_Task_. As the output, give exactly the lines that run from the one with "Collection de colliers" through the end of the records below, and omit pictures.

- Opening Delimiter -

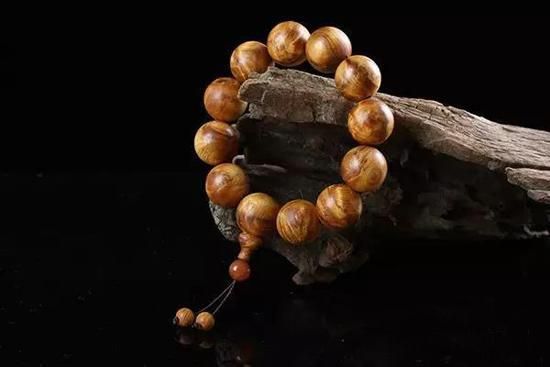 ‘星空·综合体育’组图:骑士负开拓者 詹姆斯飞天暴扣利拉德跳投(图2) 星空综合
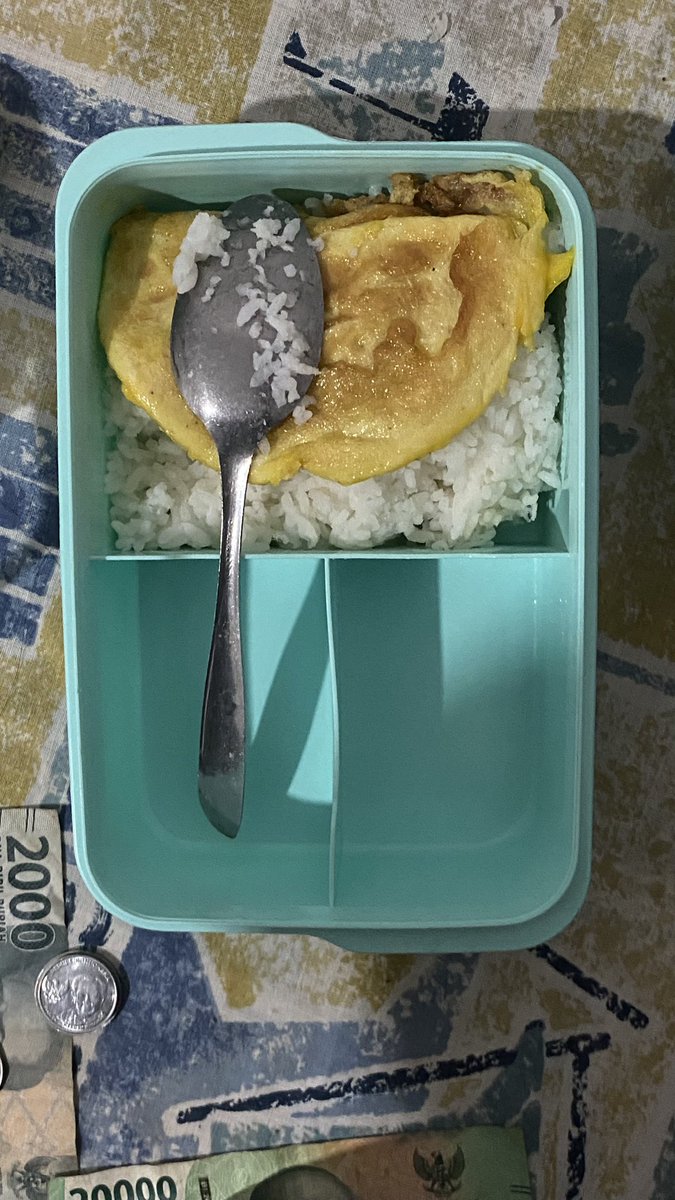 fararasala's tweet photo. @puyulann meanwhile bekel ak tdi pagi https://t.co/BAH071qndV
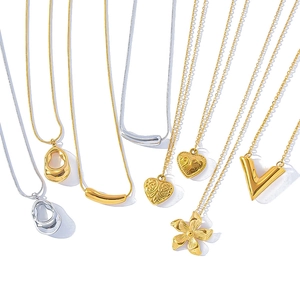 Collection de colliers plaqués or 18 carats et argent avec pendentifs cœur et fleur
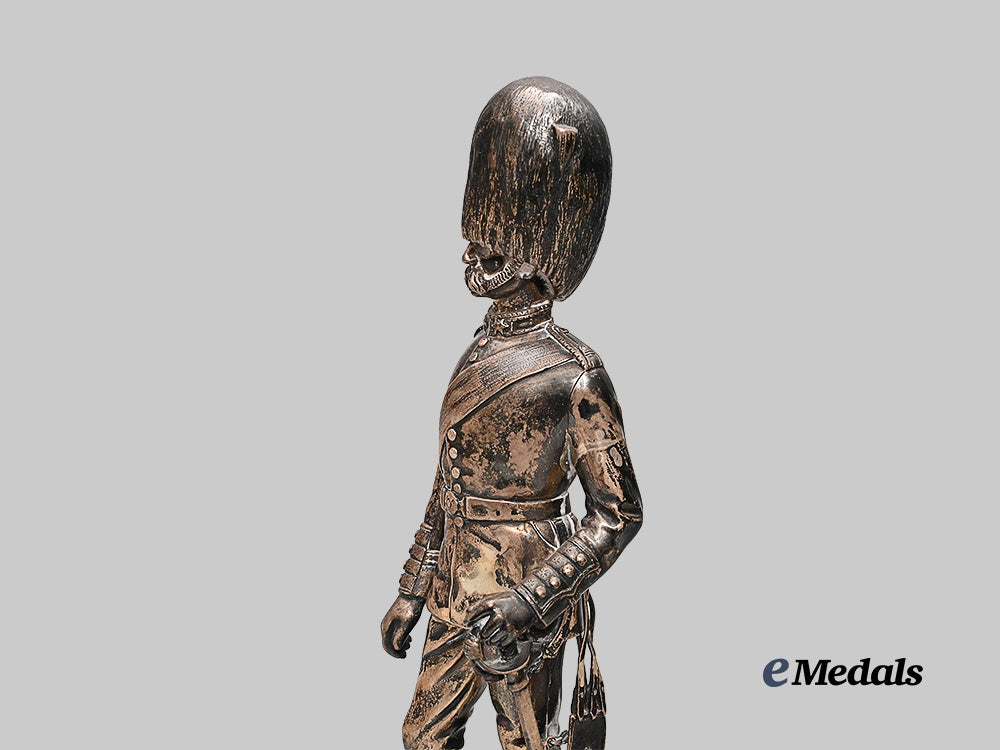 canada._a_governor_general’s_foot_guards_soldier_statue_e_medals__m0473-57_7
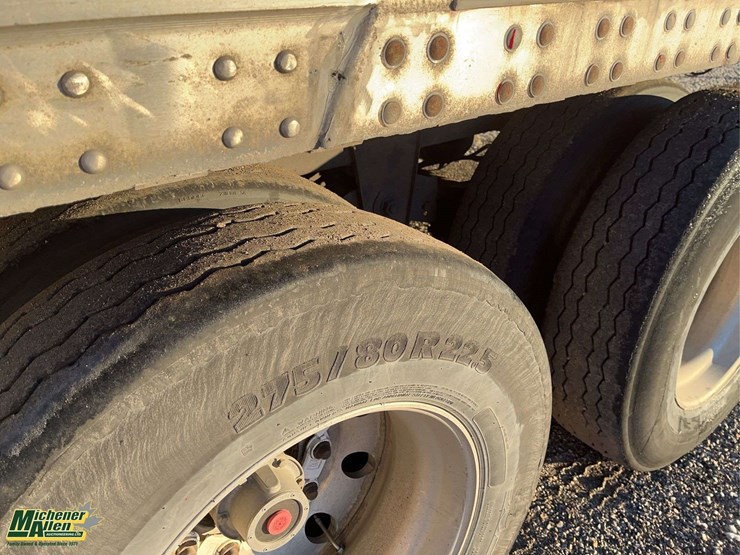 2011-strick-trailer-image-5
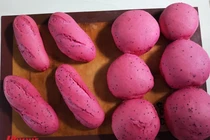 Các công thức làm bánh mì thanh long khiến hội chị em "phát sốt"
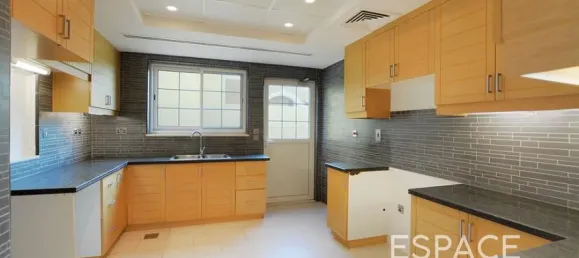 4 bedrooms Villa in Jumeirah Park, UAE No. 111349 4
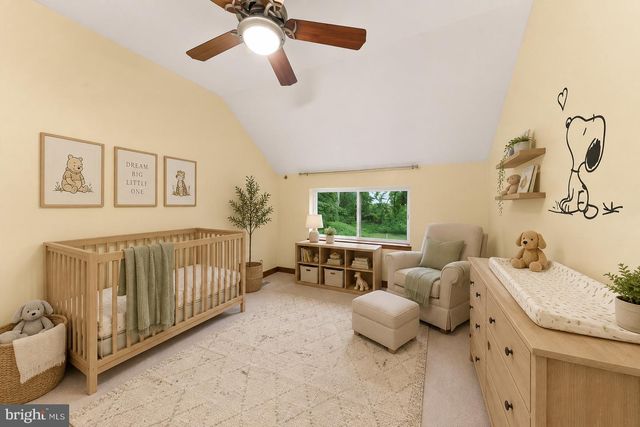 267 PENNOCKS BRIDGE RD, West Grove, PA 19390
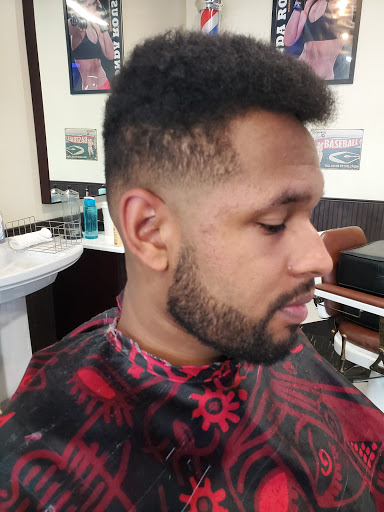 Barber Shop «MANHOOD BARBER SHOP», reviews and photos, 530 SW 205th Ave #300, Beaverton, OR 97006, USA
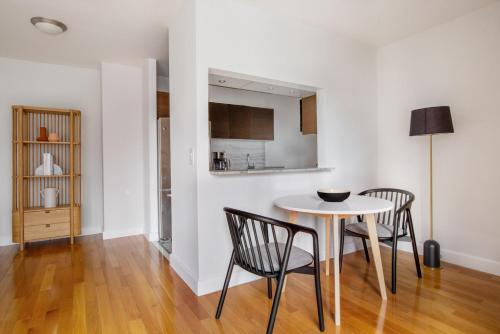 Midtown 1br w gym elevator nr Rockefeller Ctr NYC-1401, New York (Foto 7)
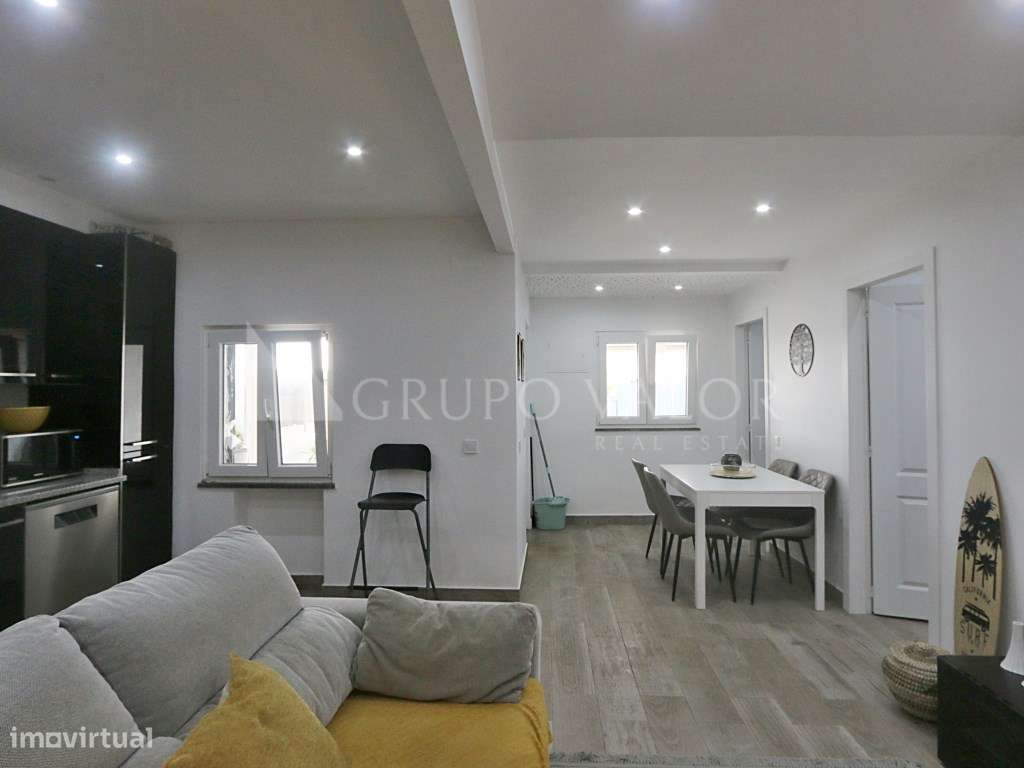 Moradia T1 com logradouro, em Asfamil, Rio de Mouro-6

- Closing Delimiter -

_Answer space_.
 Collection de colliers plaqués or 18 carats et argent avec pendentifs cœur et fleur
 canada._a_governor_general’s_foot_guards_soldier_statue_e_medals__m0473-57_7
 2011-strick-trailer-image-5
 Các công thức làm bánh mì thanh long khiến hội chị em "phát sốt"
 4 bedrooms Villa in Jumeirah Park, UAE No. 111349 4
 267 PENNOCKS BRIDGE RD, West Grove, PA 19390
 Barber Shop «MANHOOD BARBER SHOP», reviews and photos, 530 SW 205th Ave #300, Beaverton, OR 97006, USA
 Midtown 1br w gym elevator nr Rockefeller Ctr NYC-1401, New York (Foto 7)
 Moradia T1 com logradouro, em Asfamil, Rio de Mouro-6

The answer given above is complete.